Het toezicht op de naleving van het beloningskader ligt in eerste instantie bij de raad van bestuur van de publieke omroep (daarin ondersteund door de CIPO). Indien een omroep inbreuk maakt op bindende besluiten van de raad van bestuur (en het beloningskader is zo’n bindend besluit) kan de raad van bestuur overgaan tot inhouding van budget. Als met de schending van het beloningskader ook de wet wordt overtreden kan het Commissariaat boetes opleggen. Geld dat in strijd met het bepaalde bij of krachtens de Mediawet 2008 worden gebruikt, vordert het Commissariaat terug. Eventuele verdere uitwerking van het handhavingsbeleid zal ik mede in het licht van het wetsvoorstel Normering uit publieke middelen gefinancierde beloning topfunctionarissen en de praktische toepassing van het beloningskader, bezien.
Alles overziend kom ik tot de conclusie dat het voorstel voor dit beloningskader mijn goedkeuring kan verkrijgen zodra de grondslag daarvoor in de Mediawet 2008 in werking is getreden.

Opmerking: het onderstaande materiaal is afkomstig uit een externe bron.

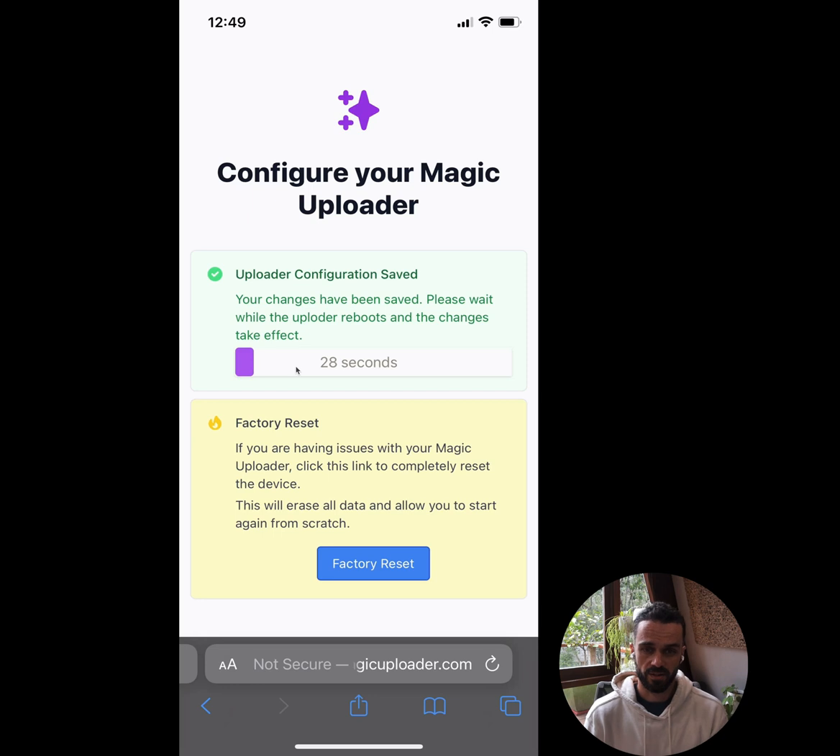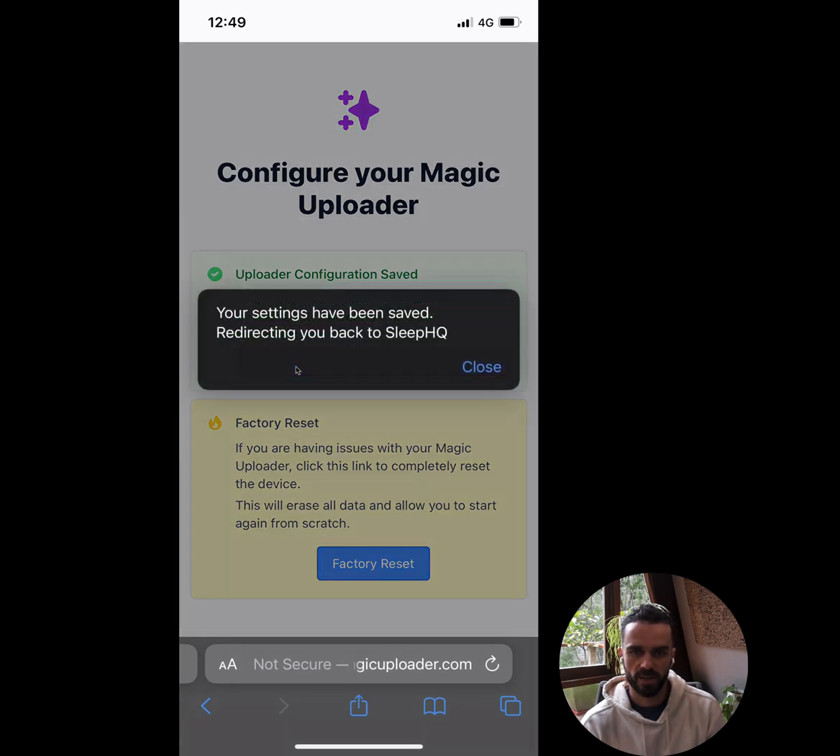Once I've entered my password, I go to country — I'm in Australia so I'll select Australia from the list — then hit 'Save Settings.' It takes about 30 seconds. The Magic Uploader is now going to save those settings, reboot itself, and attempt to connect to my home WiFi network. Assuming that's gone successfully, it's going to redirect me back to SleepHQ and I should see the Magic Uploader automatically appear in my account. Settings have been saved and it's redirecting me back. I'll hit close.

De doelstelling van het matigen van beloningen van presentatoren bij de publieke omroep kan via het beloningskader gerealiseerd worden. Het lijkt me geraden daarmee nu zo snel mogelijk aan de slag te gaan.
Zie de brief van de minister van Binnenlandse Zaken en Koninkrijksrelaties d.d. 23 juni 2009, kenmerk 2009-0000335503.
Een VAR wordt voor maximaal een jaar afgegeven door de belastingdienst. Jaarlijks wordt dus opnieuw beoordeeld of iemand als zelfstandig ondernemer kan worden aangemerkt.